Review will explore global aerospace industry and its impact on Canada.
February 28, 2012
by The Canadian Press
LONGUEUIL, Que.: The newly-appointed head of a sweeping review of federal aerospace and space policies says he has no interest in producing a report that will just end up in a filing cabinet.
“I intend to ensure that we look out 20 or 30 years and have a very good understanding of the kind of global economic environment we’re going to be dealing with in the future,” said David Emerson.
Emerson, a former Liberal and Conservative cabinet minister, is due to report his findings to Christian Paradis, the current federal industry minister by mid-December.
His appointment as chairman of the review was announced by Paradis at a news conference inside the hangar of an aeronautics school south of Montreal.
“I want to make sure that the report is one that is acted upon and helps to develop a strong and competitive aerospace sector going forward,” Emerson said.
Paradis said the review will examine how government, industry and other key stakeholders can address key issues facing the aerospace and space sectors. Ottawa provides numerous subsidies to the aerospace sector, a major employer in the Montreal area with such companies as Bombardier, CAE and Heroux-Devtek.
The review will also explore trends in the global aerospace industry and how they will impact the Canadian industry.
It will also look at strengths and weaknesses and well as key opportunities and challenges in both sectors.
With the loonie above par with the US dollar, Canadian aerospace companies are finding it tougher to compete in the key US commercial aircraft market.
Meanwhile, an expected decline in US military spending could also squeeze Canadian companies who rely on defence contracts for much of their business.
Paradis told reporters the review demonstrates the importance the government gives to the industry, despite a period of global uncertainty.
“We are talking about fiscal constraints, but we are also looking to targeted investment to make sure that we have economic growth and job creation,” he said.
Paradis also stressed the Conservative government’s plans to acquire the F-35 fighter jet aircraft will not be part of the review and it’s going ahead as planned.

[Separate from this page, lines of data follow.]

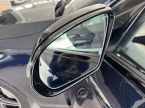 Mercedes Třída E - fotka číslo 40
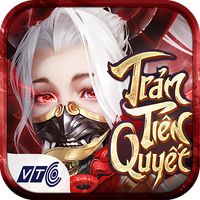Trảm Tiên Quyết - Tru Tiên 5.0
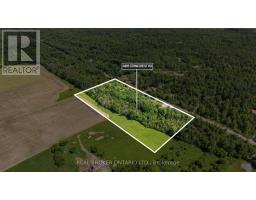 4983 Stonecrest Road, Ottawa, ON K0A3M0 Photo 6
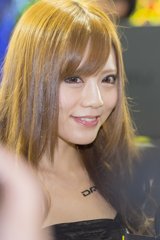 2017　CP+＆横浜お写ん歩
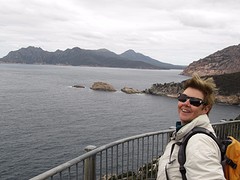 IMG_2559_Freycinet NP - Cape Tourville Walk_Bep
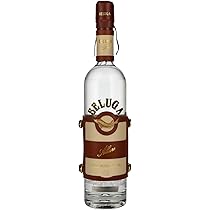 61h6HLTicvL._AC_UL210_SR210,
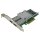 Intel X520-SR2 FC Dual-Port 10GbE PCI-Express x8 Converged Network Adapter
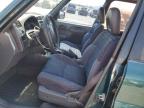 1997 Toyota Rav4  en Venta en Las Vegas, NV - Rear End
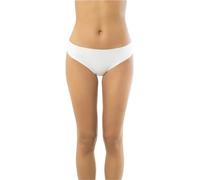6 Slip Donna In Cotone 5105 Iinvisible COTTON SIELEI
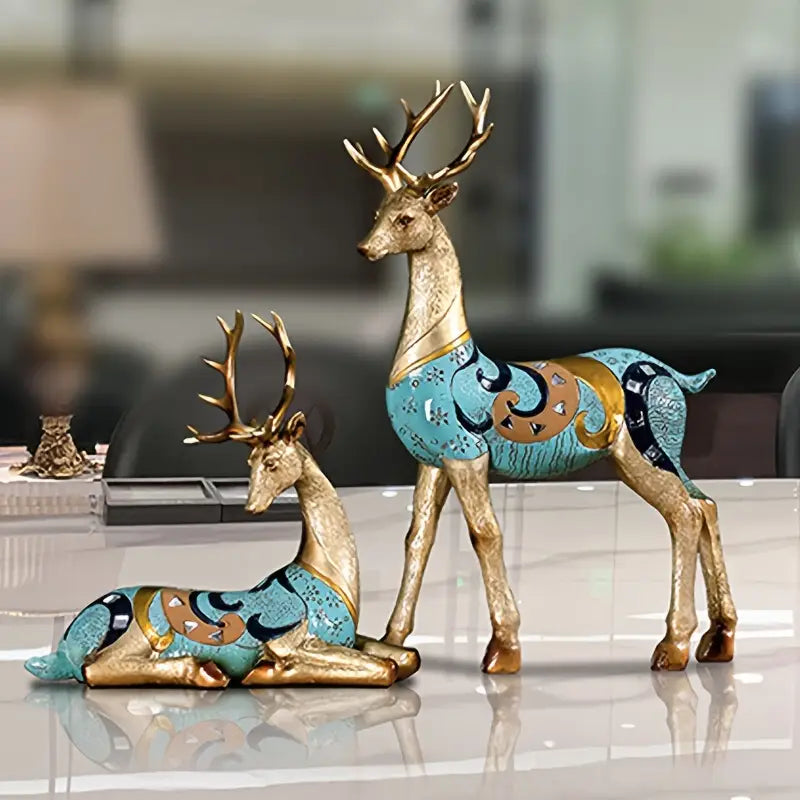 Arctic Grace – Nordic Home Accents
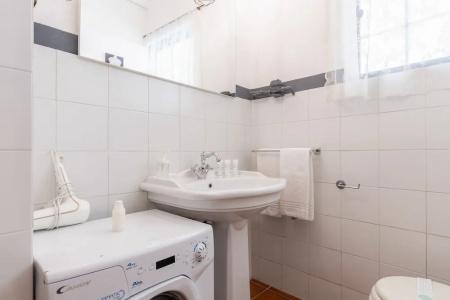 Firenze Rentals Corso 12 - 199
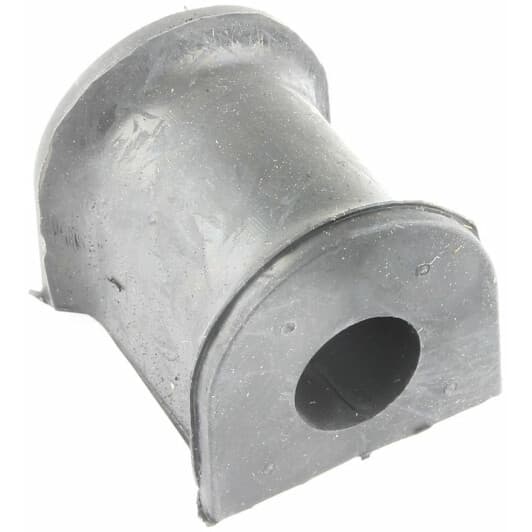 15511004 AND Втулка стабилизатора для Volkswagen Caddy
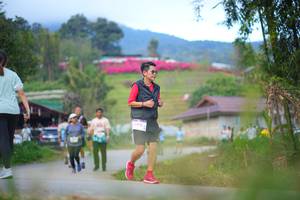 BIB: 1000
                            <button type="button" onclick="openModal(19212792)" class="btn btn-primary btn-sm float-right btn-popup" data-toggle="modal" data-target=".modal-high-quality">
                        <i class="fas fa-shopping-cart"></i> Add to Cart
                    </button>
                                            <button type="button" onclick="isThisMe(19212792, true)" class="btn btn-success btn-sm float-right btn-popup btn-isme hidden" data-toggle="tooltip" data-placement="bottom" title="นี่คือรูปของคุณใช่ไหม คลิกที่นี่เพื่อเอาเข้าอัลบั้ม">
                        <i class="fas fa-plus"></i> Add to album
                    </button>
                    <button type="button" onclick="isThisMe(19212792, false)" class="btn btn-warning btn-sm float-right btn-popup btn-isnotme hidden">
                        <i class="fas fa-ban"></i> Remove from album
                    </button>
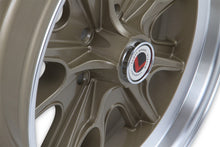 Load image into Gallery viewer, lw90-70754f_05.jpg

“The F-35 was a decision that was made by our government,” he said. “We are still proceeding with this decision, we want to equip our men and women in uniform.”
The aerospace review, Paradis added, was about the future of the industry.
Emerson, a former Liberal who remained in cabinet by jumping to the Conservatives immediately after the 2006 election, has also been a federal and BC civil servant, forestry executive and businessman.
A three-member advisory council will assist Emerson in fulfilling his mandate as head of the review.
Jim Quick, the President of the Aerospace Industries Association of Canada (AIAC), is one of the three council members.
The two other members are Sandra Pupatello, a former Ontario minister of economic development and trade and Jacques Roy, a former director at the Montreal-based International Aviation Management Training Institute.
Quick says the review will examine global competitiveness and how Canada can compete globally in the defence, civil aviation and space platforms.
“Let’s look at the globe, and let’s look at international competitiveness,” said Quick.
“We’re number five in the world right now (and) what do we need to do from a government support standpoint to increase that position.”
Steve MacLean, the president of the Canadian Space Agency, welcomes the co-ordinated review —even though the space sector is lumped in with the aerospace industry.
“I feel that anytime you do something like this, you’re going to educate people about the importance of our (space) sector . . and how our sector can shape the future of
The Canadian aerospace industry has annual revenues of more than $22 billion and employs nearly 80,000 Canadians at more than 400 firms across the country.